The most visible sign of division was Canadian Auto Workers president Buzz Hargrove’s campaign to stop the Conservatives by supporting New Democrats in ridings where they were likely to win and Liberals elsewhere. Three weeks after the election, the Ontario ndp executive suspended Hargrove from the party; its president, Sandra Clifford, explained that the sum of the union leader’s actions led to the suspension. “It was appearing with the prime minister”.”.”.”hugging him. Saying that he wanted a Liberal minority government,” Clifford said. In effect, the party had decided that it was an expellable offence for members to advocate strategic voting. While many insiders wanted Hargrove to “buzz off,” others were just as concerned about the decision to bring down the government; some also saw the entire ndp campaign as strategic and found Hargrove’s dismissal deeply parodixical.

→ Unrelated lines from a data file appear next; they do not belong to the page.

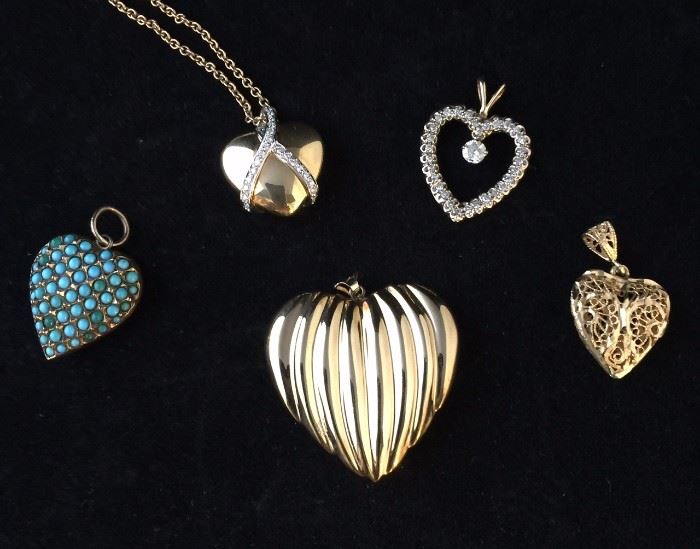 Gold hearts vintage and contemporary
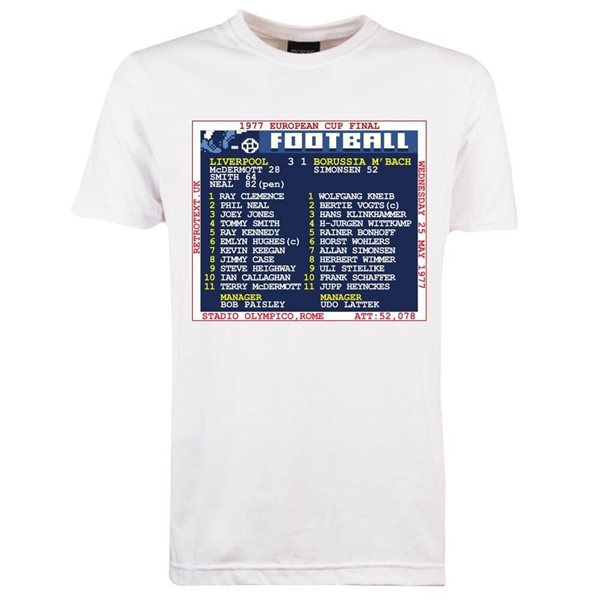 Image de TOFFS - T-Shirt European Cup Final 1977 (Liverpool) Retrotext - Blanc
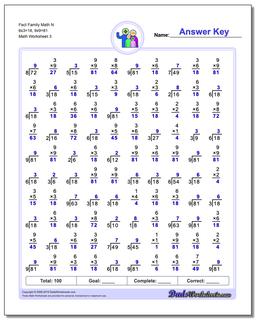 Fact Family Worksheets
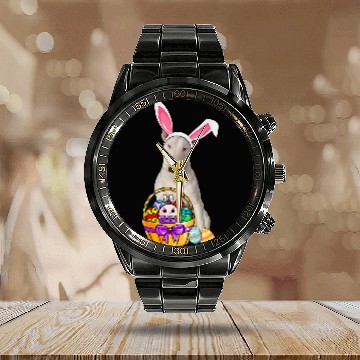 Discover Bull Terrier Pet Easter Egg Funny Bull Terrier Easter Calendar Steel Band Watch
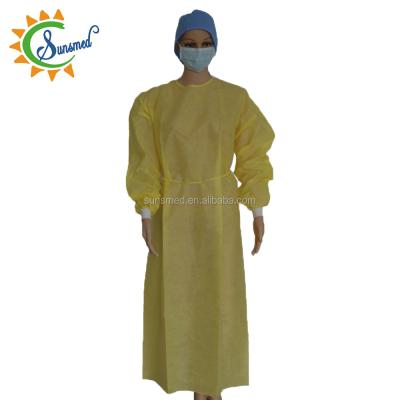 China Ultrasonic Sewing Non Woven SMS Gowns Disposable Ultrasonic Isolation Gown Yellow Nonwoven Surgical Gown for sale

Prime Minister Martin had promised to call the election within thirty days of the release of retired justice John Gomery’s final report on the Liberal sponsorship scandal, which was delivered as planned on February 1, 2006. Either way, therefore, a trip to the polls was imminent. But ndp strategists thought it dangerous to allow the government to set the terms of debate, and were concerned that on the key issue of political ethics the party would be caught in a squeeze between the Liberals and the Conservatives. They believed that the Liberals would accept virtually all of Justice Gomery’s recommendations and that a chastened Liberal Party could win a majority government.

Still smarting over Martin’s successful last-ditch appeal to ndp supporters to vote Liberal to stop Harper during the 2004 election campaign, Layton’s team was determined not to let history repeat itself. Polls indicated that ndp supporters were the most worried about a Conservative government and, the thinking went, many would vote strategically again in the event of a successful campaign to demonize Harper. So, as revealed by ndp press releases, campaign literature, and Layton’s speeches, to prevent erosion of ndp support the party concentrated its fire on the Liberals, only sporadically mentioning the Conservatives in its attacks. The most memorable ndp television advertisement depicted Canadians giving the corrupt Liberals the boot.

These messages set the tone. Maude Barlow, chairperson of the Council of Canadians, for one, told me that she felt pressure “not to critique Harper,” and that the top priority was “to win more seats for the ndp.” During the election, the Council was involved in the Think Twice coalition, made up of groups that came together to warn Canadians about Stephen Harper’s record. “If the ndp was not going to talk about Harper’s record,” Barlow said, “we felt we had to.”

The ndp and the wider progressive community are divided over whether it really matters if a Stephen Harper or a Paul Martin is in power. The standard party answer during the election campaign was a flat no, a position Maude Barlow couldn’t agree with.